While space launches are exciting, they can produce a sizeable carbon footprint due to the burning of solid rocket fuels – the exhaust is filled with materials that can collect in the air over time, potentially altering the atmosphere in dangerous ways along with small pieces of soot and a chemical called alumina that are created in the wakes of rocket launches. These materials may build up in the stratosphere over time, slowly leading to the depletion of a layer of oxygen known as the ozone. As the number of missions increases, the emission scale of harmful gases is also expected to increase. In terms of space propulsion technologies in use and their growth trajectory, the non-chemical segment of the space propulsion market is expected to grow more quickly than the chemical segment. This is due to the demand for velocity increments in modern propulsion systems given that the non-chemical propulsion system’s efficient use of fuel and electrical power enables modern spacecraft to travel farther, faster, and cheaper than any other propulsion technology currently available. To quantify this difference, chemical propulsion systems have demonstrated fuel efficiencies up to 35%, but ion thrusters have demonstrated fuel efficiencies over 90%. The sky truly is the limit when it comes to novel and efficient propulsion systems.

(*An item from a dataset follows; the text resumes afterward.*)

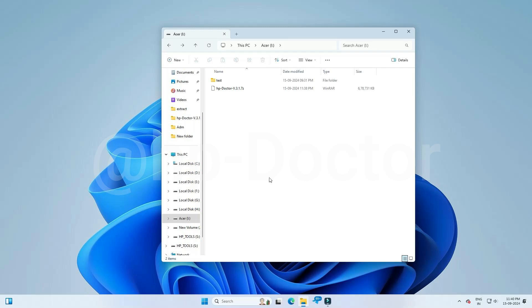Hi friends. Now HP Doctor has released an AI version of the USB Creator Tool. This tool can create a DMI Tool more easily without any unsupported issues.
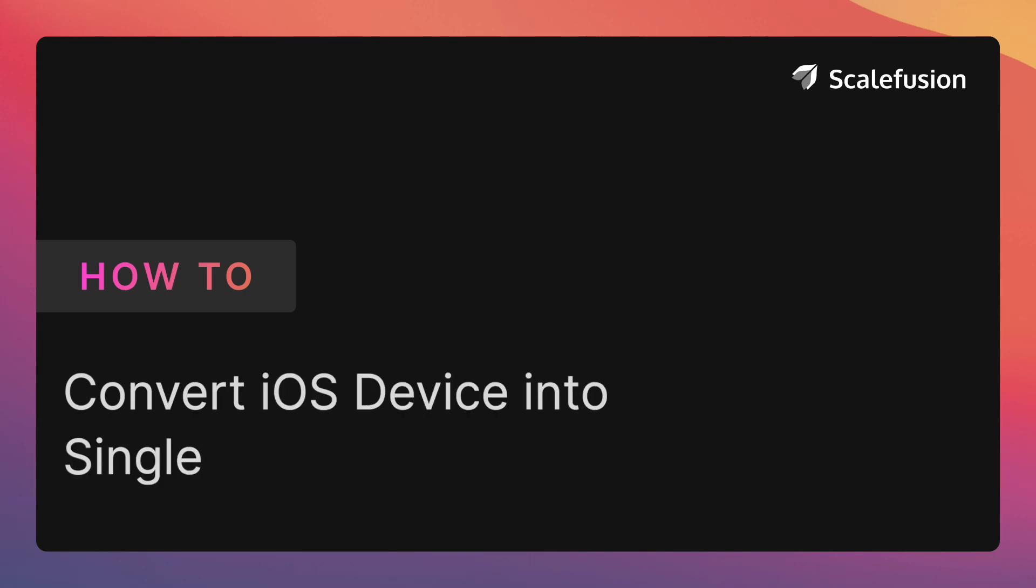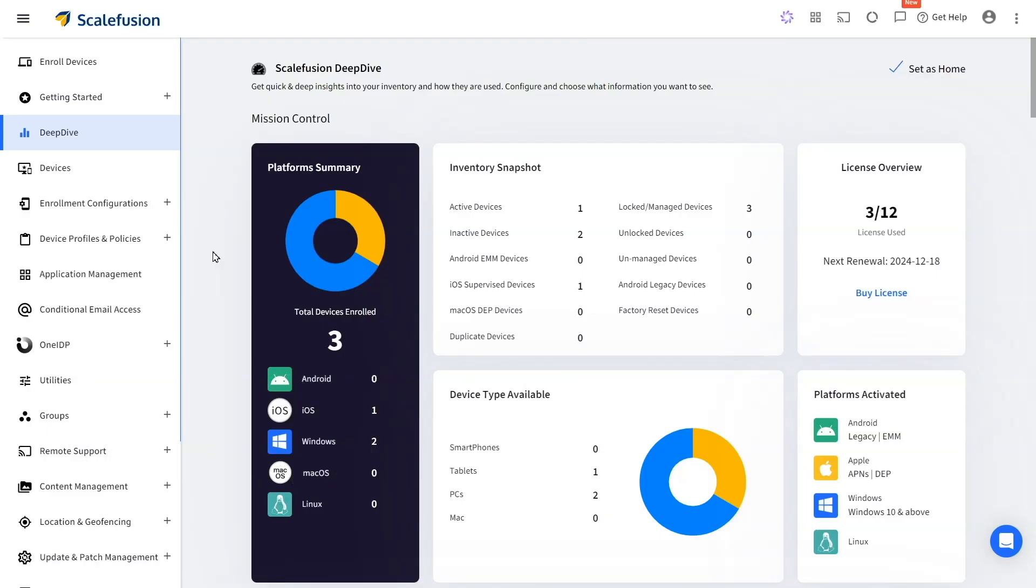Hello and welcome to this tutorial on how to lock an iOS device in single app kiosk mode with Scalefusion UEM.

Due to the presence of major player and intense competition among them, North America is the most technologically advanced region with these players looking to secure contracts from end users—such as defense, commercial, and government agencies—and to deploy their satellites and launch vehicles into space by using different types of propulsion systems. This market has been garnering increasing amounts of interest over the past few years due to the significant efforts of commercial space companies and space agencies developing more efficient, less toxic, and enhanced space propulsion systems to contribute to the growth of the space propulsion system market. The development of cost-efficient propulsion technologies may drive growth in this market for years to come.

Most of us immediately think of NASA’S Jet Propulsion Laboratory (JPL) when considering novel propulsion systems, but the U.S. Department of Energy (DOE) is also playing a key role in space exploration and technology development. During the summer of 2020, the Mars 2020 Perseverance Rover was launched from Florida’s Kennedy Space Center – it’s the first rover in over 30 years to use domestically produced plutonium created by the U.S. national laboratories. Perseverance is equipped with a multi-mission radioisotope thermoelectric generator (RTG) used to power the rover throughout its journey – to date, the DOE has built almost 50 radioisotope power system units that have powered more than two dozen U.S. space missions. In addition to the work being carried out by the DOE, the Department of Defense (DoD) is working on nuclear propulsion systems through efforts by DARPA and industry to further technology in this space. The White House is also working to power space exploration – its guiding document, A New Era for Deep Space Exploration and Development, was released by the National Space Council in July of 2020.